Historic house in Massachusetts, United States

The J.D.C. Bradley House, also known as Oakcrest, is a historic mansion at 5 Sadie Hutt Lane in Southborough, Massachusetts. Built in 1913, the massive, 15000 sqft stucco house is one of the finest surviving works of architect Charles Adams Platt in Massachusetts. The house was listed on the National Register of Historic Places in 1999, where it is listed at 60 Sears Road.

==Description and history==
The J.D.C. Bradley House is located in northern Southborough, at the center of the loop created by Sadie Hutt Lane.
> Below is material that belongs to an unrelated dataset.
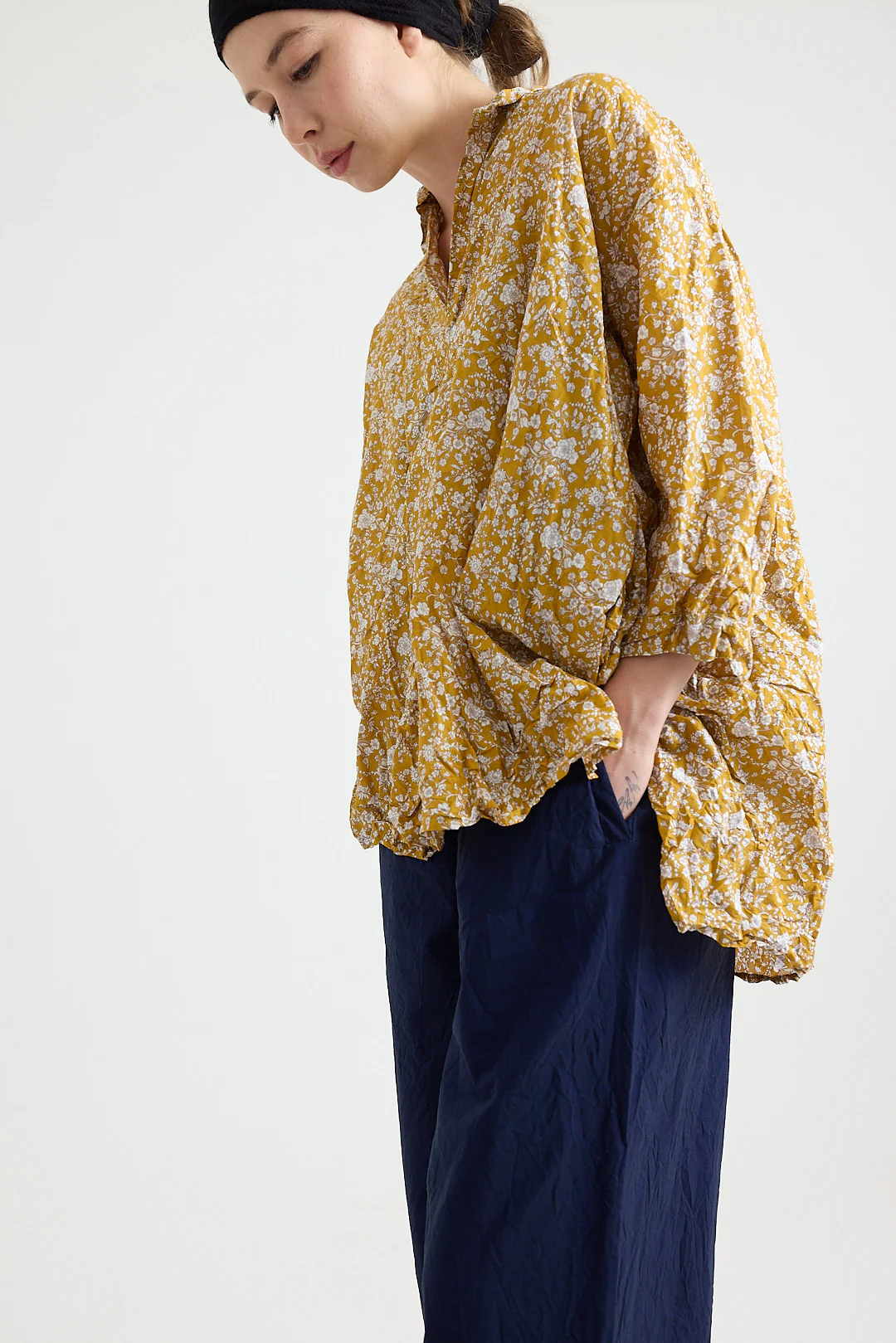 Daniela Gregis - Shirt Kora Inverno Lavato - Image 9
It is set at the crest of a rise, which affords views to the west. The house is a 2 1/2-story structure, with a wooden frame and exterior brick walls finished in stucco. It has a large central block 71 ft long and seven bays wide, with symmetrical flanking wings three bays wide. Each section is topped by a hipped roof; the central block has three gable dormers projecting from the front facade. The interior retains most of its original finishes, and includes a library room 32 × 27 ft in size, sufficient to house 4,000 volumes.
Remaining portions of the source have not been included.